Did I also mention that I left my Nalgene bottle on the train on Sunday? That thing is my lifeline–they just don’t drink water here, so to keep myself well-hydrated, having a 1-liter bottle on me at all times comes in quite handy, especially when I can refill it on my lunch breaks on my BOE days. I tried buying bottled water for the sports day, and by mid-day it tasted awful and actually made my throat feel funny. Luckily, I have one at home my parents are going to send (along with a bunch of other stuff, including but not limited to books, food, another pair of capris, and my favorite shirt), and Laura’s very kindly picked another one up for me and is shipping it this week!

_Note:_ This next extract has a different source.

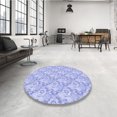 thumbnail image 4 of Ahgly Company Machine Washable Indoor Round Transitional Sky Blue Area Rugs, 5' Round, 4 of 7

I’m going to see if anyone turned the lost one in this weekend, though–I’ll most likely be in the city. I’m still not sure if I’m going to the beer garden on Saturday, though…it’s a monumental waste of money for vegetarian non-drinkers, and it isn’t really an optimal setup to meet new people, but I’d like to all the same. At the same time, I’ll be meeting people at English camp starting a week from Friday, too…anyway, we’ll see.

Another reason I want to go to the city, though, besides wanting to show Ashley around the way Lindsay showed me around last year, is because a few friends set goals for themselves to read 50 books this year, and I’ve decided to try as well. I checked out 3 books from the TOPIA library and just finished one today (Koontz’s Shadow Fires–an early work, and definitely not his best, but not a bad read) and am over 100 pages into another (Heinlein’s Stranger in a Strange Land–did I mention TOPIA has a pretty awesome science fiction collection?). If I can finish off all 3 of these (the third being Asimov’s Robot Dreams) and get 3 more for next week, to hopefully finish off by Friday morning when we meet at TOPIA for English camp, that would be really awesome, especially considering that I’m pretty far behind on my goal.

All right…I’m off to go make this place look more liveable, and I have my work cut out for me. Wish me luck!